Adentro el olor a sándalo y el blanco refulgente de las paredes daban una sensación de liviana irrealidad. La limpieza absoluta de todo el entorno iba más allá de los alcances de la escoba, la trapeadora, el balde y el jabón. Pensé en el nirvana soñado por una madre antioqueña que pasa y repasa una olla con la esponjilla metálica. Al fondo, un altar presidido por la foto del Maharishi Mahesh Yogi con su risa un tanto burlona y ese aspecto endeble como a punto de desbaratarse en cada momento. Frente al Maharishi había una mesa con mantel del mismo blanco relumbrante de las paredes, lo que daba la impresión de que los granos de arroz y las frutas regados frente a la foto estuvieran flotando. Ante el altar, dos sillas Rimax que no me parecieron muy a tono con la atmósfera celestial. Edna ocupó la silla de la derecha y tomó una tabla de madera que había sobre una mesita. Pasó las hojas adheridas a la tabla con un broche metálico y se detuvo en la planilla de mi matrícula. A medida que leía mentalmente hacía preguntas para corroborar los datos. Todo iba muy bien hasta que preguntó a qué me dedicaba y contesté que era comunicador social. Me miró preocupada y bajó la tabla.
—Entonces hay un problema —dijo.

Siempre fui consciente del desprestigio de la carrera universitaria que había escogido pero nunca pensé que pudiera ser un obstáculo para mi crecimiento personal.
—¿Qué pasó? —pregunté preocupado.
—Que la persona que pagó su matrícula dijo que usted no tenía trabajo y por tanto le cobramos la cuota mínima. Pero si es un profesional debe pagar la tarifa estándar de un millón de pesos.
Miré a Edna y luego al Maharishi buscando que alguno de los dos me dijera que se trataba de una broma. Pero ninguno de los dos dijo nada.
—Lo que pasa es que tengo una profesión en la que no pagan salarios profesionales —contesté sinceramente.
Edna siguió como si no me hubiera escuchado.
—Como ella solo pagó la mitad usted debe cancelar quinientos mil pesos para poder hacer el curso —dijo impertérrita.
—Pero es que no me alcanza.
Permanecimos largo rato en un silencio incómodo. Volví al rostro dulce del Maharishi esperando que interviniera por su potencial discípulo, pero el Maestro siguió inmutable. Eso me molestó y empecé a ponerme de pie.
—Espere un momento —Edna pronunció la frase sin ningún énfasis, pero la fuerza de su potencia mental me hizo volver a la silla—. Podemos buscar una alternativa. No tiene que pagarlo todo ya mismo. Lo puede hacer en cuotas.
—Es que tengo gastos fijos mensuales que no me permiten meterme en más deudas.
—Puede abonar los quinientos mil en dos cuotas, una la semana entrante y otra la semana de más allá —siguió con su costumbre de no escucharme.
—No me da para pagar en dos cuotas —contesté sin mucha determinación y luego de dudar un momento continué—, aunque tal vez podría pagar en seis cuotas quincenales.
Edna negó con la cabeza y discutimos un rato más ante la mirada ecuánime del Maestro. Al final acordamos cuatro cuotas de ciento veinticinco mil pesos quincenales. Allí me pareció que la sonrisa de Maharishi se acentuó. Entonces Edna dejó la tabla a un lado y procedió a la instrucción. Me dio todas las indicaciones y mi mantra personal y luego hicimos juntos una meditación en la que casi no me pude concentrar pensando en cómo iba a hacer para pagar las cuotas y con la idea fija de que de alguna manera me habían tumbado. Sin embargo, al terminar la sesión me sentí fresco, dispuesto a asumir la vida con alegría, plenitud y entusiasmo. Tanto que salí directo para el Parque del Periodista y me emborraché.

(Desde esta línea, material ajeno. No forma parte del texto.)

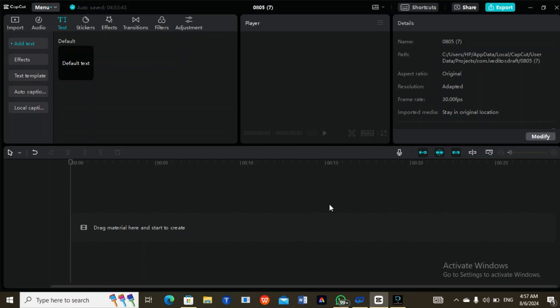I'm going to do this particular video for beginners — people that are just opening CapCut. Maybe you don't have it on your phone or PC and you're looking for a way to download it, or you're looking for a software that is perfect for your video editing. This is the perfect software, and I'm going to lead you through so you know each particular feature.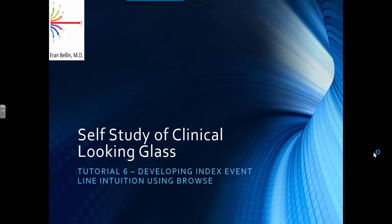Self-Study of Clinical Looking Glass, Tutorial 6: Developing Index Event Line Intuition Using the Browse Function.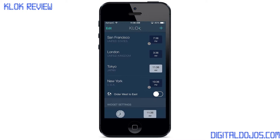For my line of work, knowing what time it is around the world is really key. Being in Japan, I need to know what time it is on the West Coast, the East Coast, the UK, etc. Especially because I work with clients who are worldwide — for example, they'll tell me they need to set up a meeting at 2pm their time locally, so 2pm San Francisco, 2pm New York, and I need to know what time that is for me.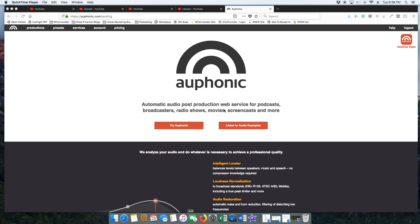If you don't already have an Auphonic account, all you have got to do is head over to auphonic.com and create an account. Create the free account. There are some paid accounts but it's really not worth doing if you're just using Auphonic for audiograms because you get like two hours worth of audiograms.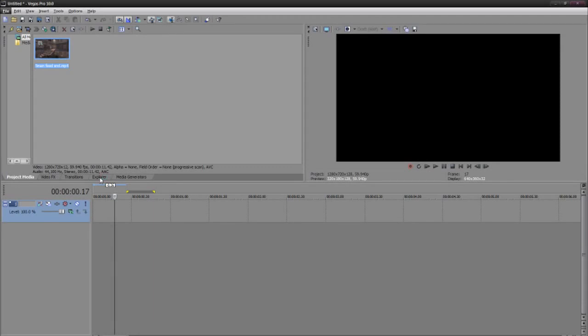What is up everybody, jcraft here starting the Sony Vegas marathon 2 and I'm going to show you guys how to do twitch. I believe I already did a tutorial on this but a lot of people were still confused.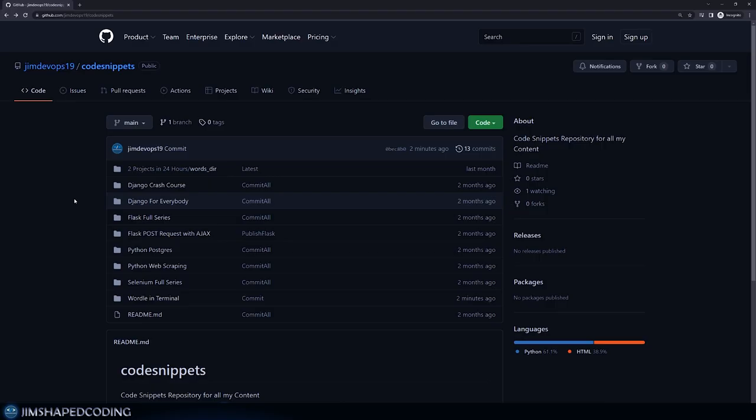We are going to continue from where we left off, continuing to write some logic and the rules necessary to apply the Wordle game rules. We're going to get started by applying some nice customization to the terminal so we can really get the vibe of playing a game in a terminal.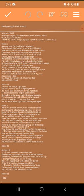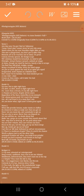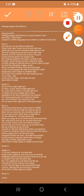Up now, this is right right here. I'm alive, so alive, down to fight right here. It's more than a dream, it's my life right here. Passion yet burns, despite all the years. Regardless of the fears, but it flies in my stomach. I'm always gonna push till I reach that summit. Get all I can from it, it's a must that I win. And you know what, right now, it feels great again. It feels great again.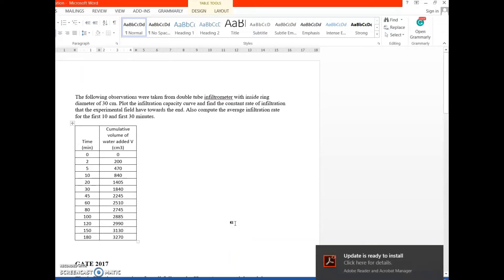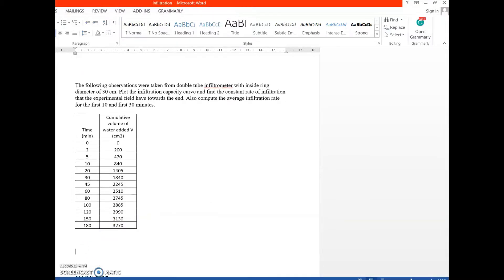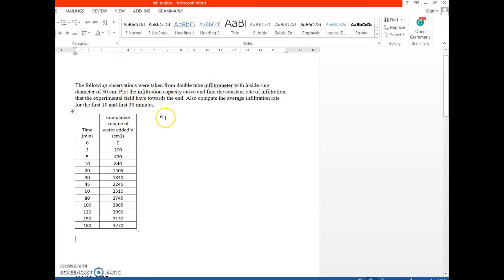Last time we discussed Horton's equation to find the infiltration rate. This time we'll solve a few problems from the GATE exam. But before that, I want to solve this particular problem — it's a very typical problem. The entire problem gives us a detailed idea about how to solve more conceptual problems. This problem is not from the GATE exam, but once we understand it, it becomes very easy to solve GATE-style problems.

A pesar de todo noté que la meditación me hacía bien y en los meses siguientes me convertí en asiduo visitante de la casa de Maracaibo. Y del Parque del Periodista. De ese modo crecieron paralelamente mi capacidad de concentración en el mantra y de dispersión en el alcohol. Me fui alejando de Fabiola quien, cansada de disculpas y aplazamientos, dio con un tipo más macho, más frágil y con más tiempo disponible.

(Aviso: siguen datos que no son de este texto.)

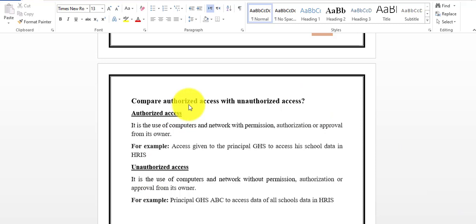Authorized access is basically the use of computers and networks with permission, authorization, or approval from its owner. If you have any access given to you by the owner, you have permission to use the computers — this is basically authorized access.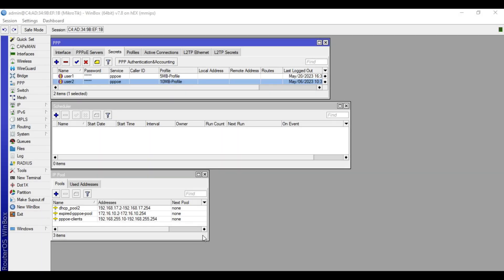Hello guys, welcome to my YouTube channel. Here we are again in our series of MikroTik PPPoE. In our previous video I already demonstrated how to set up PPPoE server, clients, bandwidth limit, burst speed, and payment reminder via web proxy. If you haven't watched my previous videos, please watch them first so that you can fully benefit and understand this video content. I will put the link in the description box below.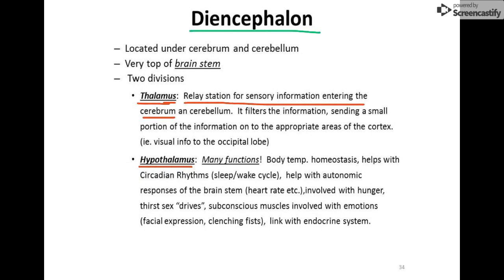The thalamus is smart enough to send sensory signals to the correct area of the brain. Without the thalamus, those impulses wouldn't reach the right area and you wouldn't understand what you were experiencing. For example, when vision comes in, the thalamus sends it to the visual area of the occipital lobe. Its key job is to sort and send all incoming information to the appropriate areas.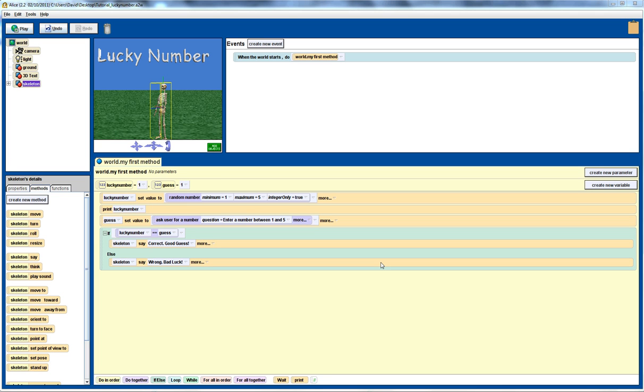Welcome back to the Atlas tutorials. In an earlier tutorial I developed a lucky number guessing game. You can see the code for it here. Now, in this particular tutorial, or the previous one, the user was only allowed a single guess.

Para fin de año Edna organizó una jornada especial de meditación grupal después de la cual dio una extensa charla para ofrecer los productos de la marca Maharishi, expuestos en el salón de la recepción, que se había convertido en una especie de almacén: aceites, suplementos herbales, lociones, cosméticos, sustancias para el cuidado del cabello, ghee o mantequilla ayurvédica, objetos de protección electromagnética, todos con la garantía de calidad del Maharishi Mahesh Yogi que aparecía en cada una de las etiquetas con la sonrisa próspera de quien nunca ha tenido que coger un bus. Luego de embutirle la totalidad del surtido a los asistentes, Edna habló del próximo curso avanzado que nos permitiría alcanzar el nivel de siddhi en el cual era posible lograr la levitación. Me imaginé flotando pero la emoción no duró mucho porque Edna se encargó de aterrizarme: el curso valía tres millones de pesos. Entonces no me contuve e hice la pregunta que tenía en la garganta desde el primer día.
—¿O sea que si uno no tiene plata no puede evolucionar espiritualmente?
La mayoría de los presentes me miró con incomodidad y pena ajena. Pero Edna, imperturbable, se extendió en una explicación meticulosa.
—La plata es materialización de energía. Si tenés plata estás en posesión de una cantidad de energía, ya sea que la hayás heredado de alguien o la hayás logrado vos mismo. Si en esta primera etapa has realizado bien tus meditaciones tu mente se debe haber abierto y tu potencial energético concentrado para lograr lo que buscás en este mundo. Así que si no podés conseguir los tres millones de pesos es porque no has meditado lo suficientemente bien, y por tanto todavía no estás en el nivel para merecer esas enseñanzas.

La respuesta no me pareció exenta de cierta lógica pero no me convenció del todo. Continué yendo a la casa de Maracaibo durante unos meses más hasta que decidí abandonar al Maestro y buscar caminos espirituales menos onerosos. De eso hace más de veinte años y aún hoy conservo la costumbre diaria de meditar. No he alcanzado la paz absoluta con que se ilusionan los devotos pero estoy mucho mejor de lo que pudieran creer los incrédulos. La otra vez un conocido de Envigado me preguntó con esa manera dictatorial de reducir todo a dicotomías tan común en mi pueblo:
—¿Y a vos pa qué te ha servido tanta puta meditadera si seguís bebiendo como un caballo?
—¿Te imaginás cómo bebería si no meditara? —le contesté levantando la copa.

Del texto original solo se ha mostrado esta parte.